• [Data listing]
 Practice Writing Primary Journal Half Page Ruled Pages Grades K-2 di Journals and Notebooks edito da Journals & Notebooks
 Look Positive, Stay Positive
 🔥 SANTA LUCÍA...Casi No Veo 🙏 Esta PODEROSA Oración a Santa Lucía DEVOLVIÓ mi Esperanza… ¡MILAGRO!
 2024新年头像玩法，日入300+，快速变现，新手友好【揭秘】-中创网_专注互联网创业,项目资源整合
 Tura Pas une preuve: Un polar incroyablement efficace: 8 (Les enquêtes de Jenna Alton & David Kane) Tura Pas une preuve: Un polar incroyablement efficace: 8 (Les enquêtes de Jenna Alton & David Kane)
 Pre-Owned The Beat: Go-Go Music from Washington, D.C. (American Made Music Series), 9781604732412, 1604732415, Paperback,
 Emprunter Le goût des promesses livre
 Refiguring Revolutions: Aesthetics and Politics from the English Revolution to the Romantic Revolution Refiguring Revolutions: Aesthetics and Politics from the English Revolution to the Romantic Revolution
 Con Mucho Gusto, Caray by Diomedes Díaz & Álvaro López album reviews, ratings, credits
...
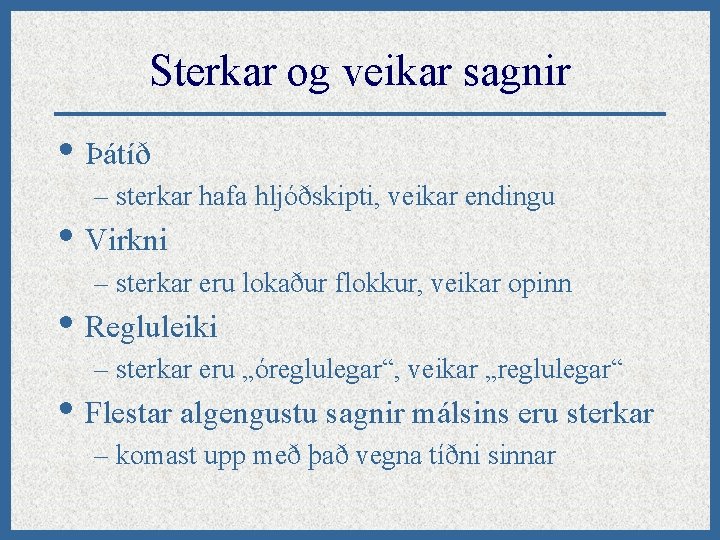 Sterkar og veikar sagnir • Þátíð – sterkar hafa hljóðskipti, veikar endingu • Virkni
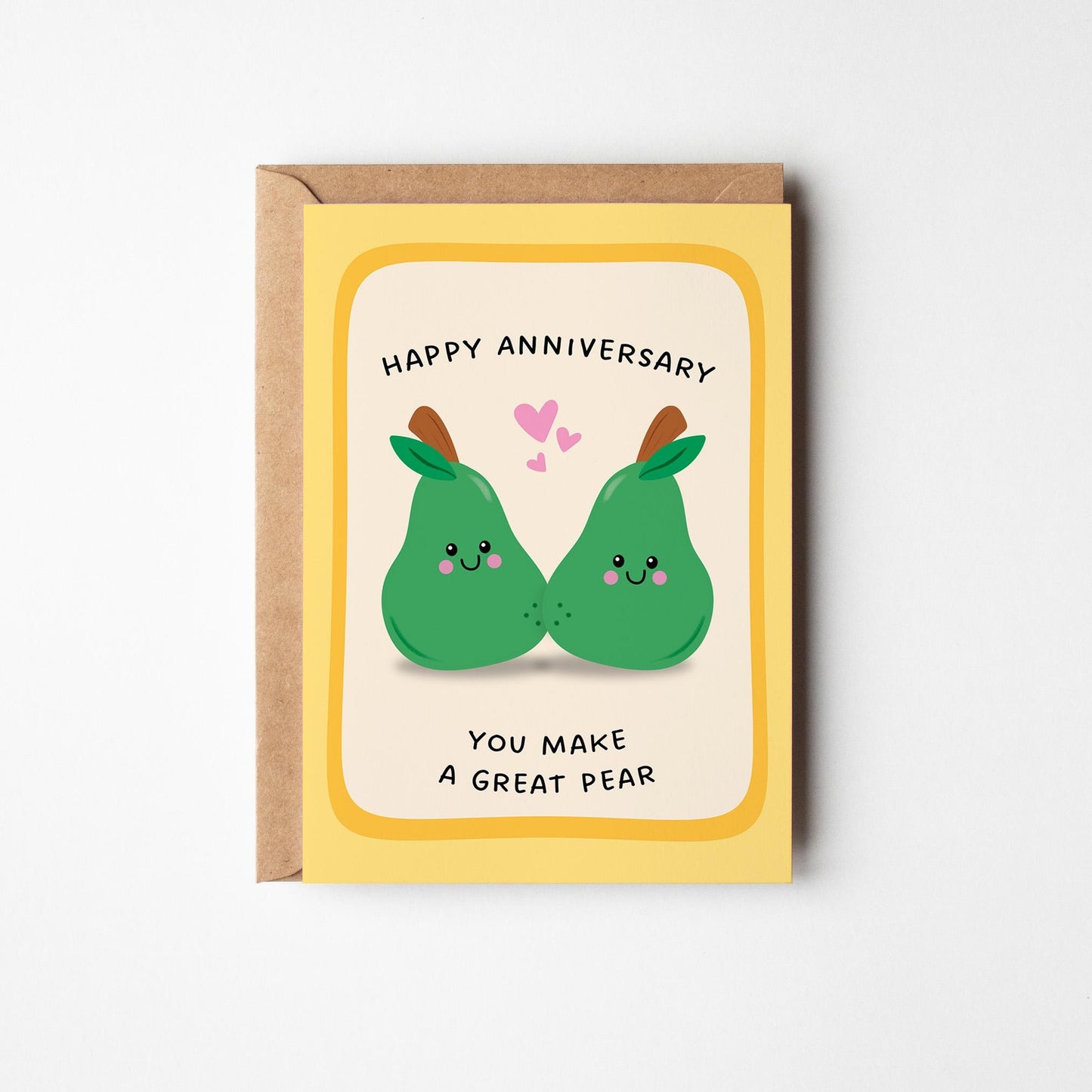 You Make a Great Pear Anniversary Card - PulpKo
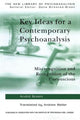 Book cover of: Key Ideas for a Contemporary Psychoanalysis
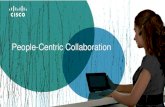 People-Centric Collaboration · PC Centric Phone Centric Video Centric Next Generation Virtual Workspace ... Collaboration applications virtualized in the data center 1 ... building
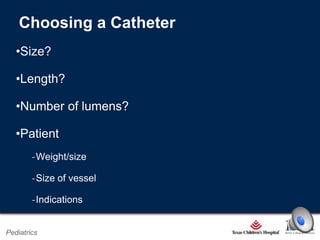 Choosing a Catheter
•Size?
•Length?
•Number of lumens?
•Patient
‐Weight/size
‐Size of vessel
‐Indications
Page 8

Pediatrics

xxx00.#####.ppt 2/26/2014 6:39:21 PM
--
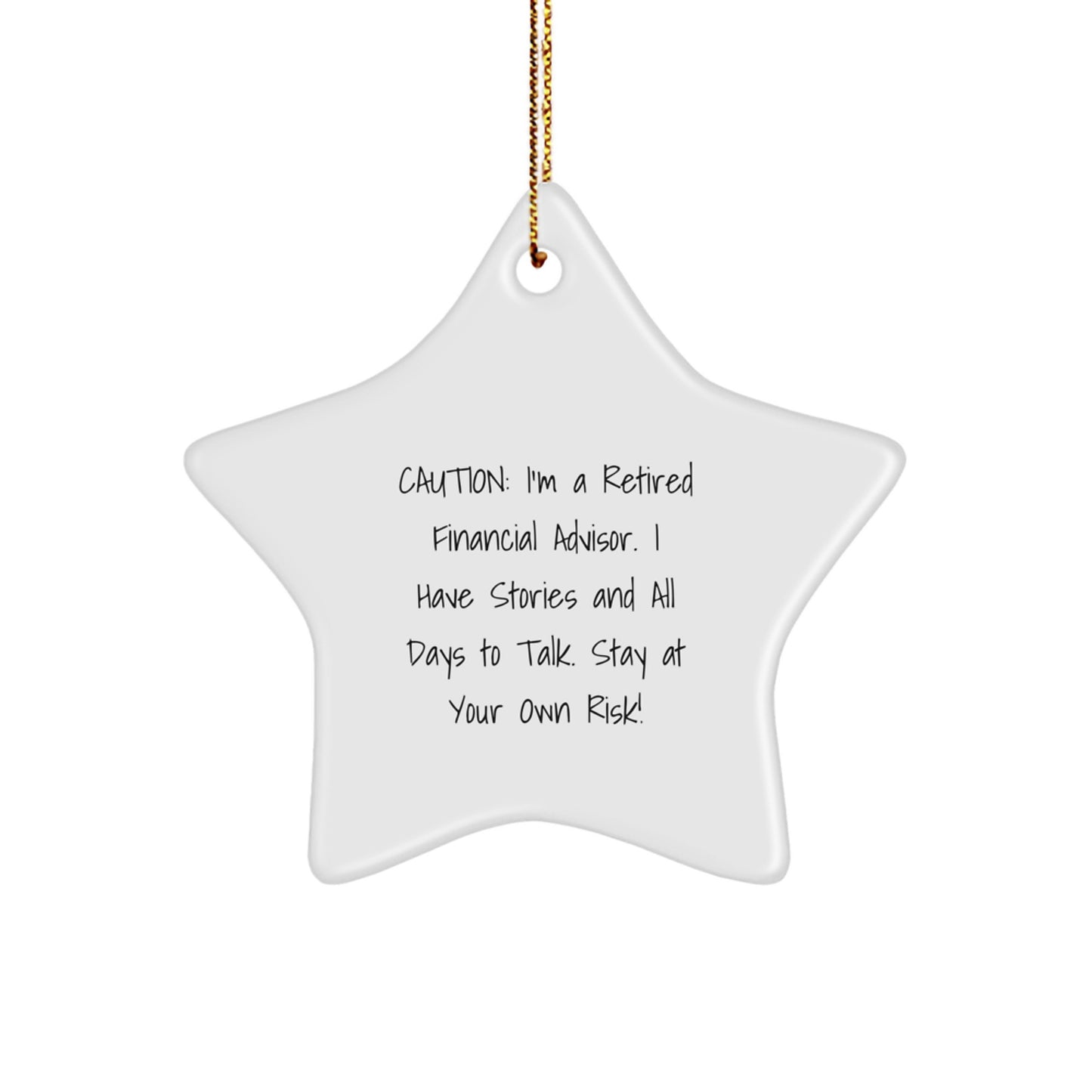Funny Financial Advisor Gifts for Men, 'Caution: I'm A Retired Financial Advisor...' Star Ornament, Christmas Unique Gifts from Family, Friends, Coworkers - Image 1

• [About this exercise] With the first line being the one containing "2024新年头像玩法，日入3" and the last line the one containing "Romantic Revolution Refiguring", transcribe exactly the lines above that fall in that range.

• [Completed task]
 2024新年头像玩法，日入300+，快速变现，新手友好【揭秘】-中创网_专注互联网创业,项目资源整合
 Tura Pas une preuve: Un polar incroyablement efficace: 8 (Les enquêtes de Jenna Alton & David Kane) Tura Pas une preuve: Un polar incroyablement efficace: 8 (Les enquêtes de Jenna Alton & David Kane)
 Pre-Owned The Beat: Go-Go Music from Washington, D.C. (American Made Music Series), 9781604732412, 1604732415, Paperback,
 Emprunter Le goût des promesses livre
 Refiguring Revolutions: Aesthetics and Politics from the English Revolution to the Romantic Revolution Refiguring Revolutions: Aesthetics and Politics from the English Revolution to the Romantic Revolution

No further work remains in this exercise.